Do not give him/her special treatment -- Many moms I know expect their children with special needs to still share, take turns, and do many other "typical" things.  Do not ask your child to bend over backwards for mine.  Educate them if they ask questions of why it is easier for them, etc. 

Do not limit him/her -- My son is so determined!  I do not believe in limiting him!  As he grows, some things will be harder than others, but if he wants to try I am going to be the first to help him do his best.  I love taking him to play dates and parks because to the average eye he can do things as well as his peers.  Do not treat your child as a breakable piece of glass; they are so much stronger than you give them credit for!  Some days may bring tears or discouragement, but letting them try might bring them joy and accomplishment!

Do not pity him/her (or me) -- I am not raising my son to think he is "different".  In fact I hate the word and other more derogatory terms!  While the label may be true or not, children are who they are!  They are what you help them believe they are.  Amazing, funny, smart, insert your own description here ... if we constantly talk about them and what they cannot do they will face the world with more fear.  Confidence is a liberating quality and children who are built up often succeed!  

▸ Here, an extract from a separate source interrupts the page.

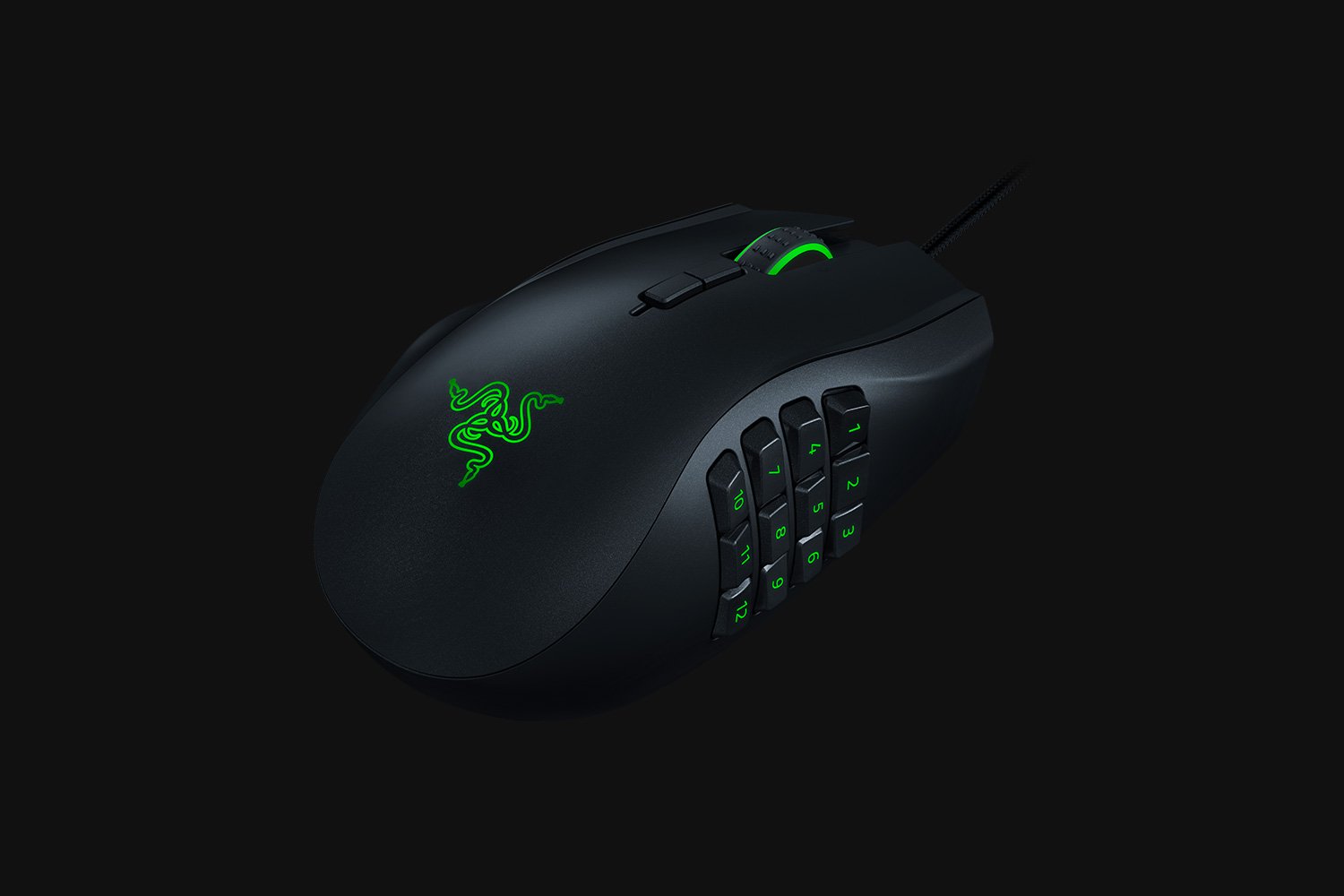 Razer Naga Left-Handed - Black Background with Light (Angled View)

"Differences are like freckles, we all have them."  If the world were entirely the same, how boring would that be?  Beauty is in the eye of the beholder.  Next time someone stares at you, smile at them ... or next time you catch yourself staring at a "different" situation, stop yourself and acknowledge them, it is so much better to the recipient than being ignored or turned from awkwardly.  A smile is a universal language every can speak, so I encourage you to smile more! 

 

The Life of a Therapy Mom

"You will look back on therapies, appointments, sleepless nights, tears, triumphs, milestones, equipment, ignorance, struggle, strength ... and you will say with certainty ... It was ABSOLUTELY worth it."

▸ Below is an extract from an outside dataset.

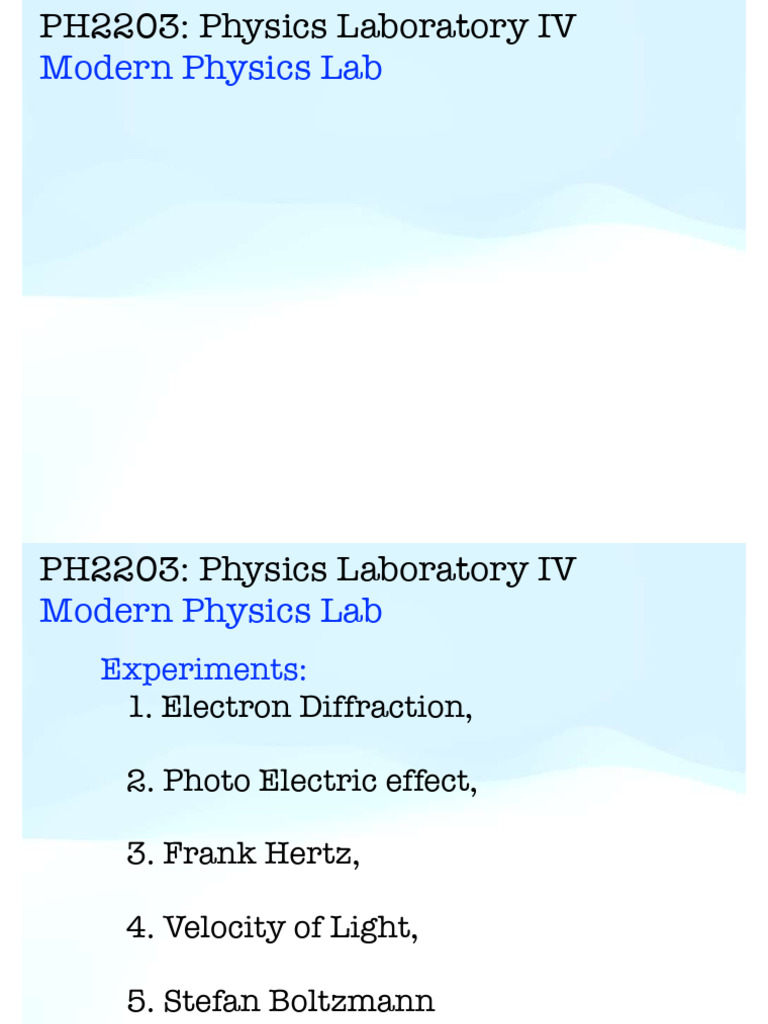 2nd Year Lab Modern Physics Slides | PDF | Electron | Diffraction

What is a therapy mom you ask?  I'm sure there are many personal descriptions, each mom (or dad) could tell you their own version.  My life consists of the most beautiful little boy, who attends Occupational therapy 2 x per week, Physical therapy 1 x per week and Speech 1 x per week.  In the big scheme of things, I can see that he is making huge progress and I know that this is just our "normal" for now.  However, if you have ever been a therapy mom, you know its exhausting, its unfair and it just down right gets old.  Life is scheduled around appointments, not play dates or preschool or fun ... but therapy, doctors visits, lab tests, or whatever it may be.  If you are a therapy mom, you also know therapy doesn't end when you walk out of the building, it is hours upon hours poured into playing the right way, putting weight on the correct extremity, practicing sounds and words over and over, among many other tools and tricks we learn along the way.  

It hasn't always been sunshine and rainbows, I have shed countless tears, poured my heart out to dear friends, my husband, and doctors.  I have been angry that my little boy has to know what an AFO is, or that he has been casted for weeks to participate in Constraint Induced Movement Therapy ... but today I want to encourage you!!  Therapy does get better.  A year and a half later, I am stronger emotionally and physically and because of that I am more determined to help him be the best HE can be.  My son walks, runs, jumps, attempts to play with two hands, is trying to say words and knows sign language.  But even more than those things, he is overall healthy and happy.  Like many toddlers he is defiant, has tantrums, loves to read, color on walls, and do all the silly things toddlers do ... and to me he is absolutely perfect when I look at him, because he is mine!

When you are having a bad day ... remember it is OK.  Cry, scream, eat a cookie, drink some wine ... and then remember that tomorrow is a new start.  My biggest inspiration is knowing my son will see how I think of him and treat him and if I strive to show him how amazing he is, I know he will grow up with compassion and a belief that he can do anything.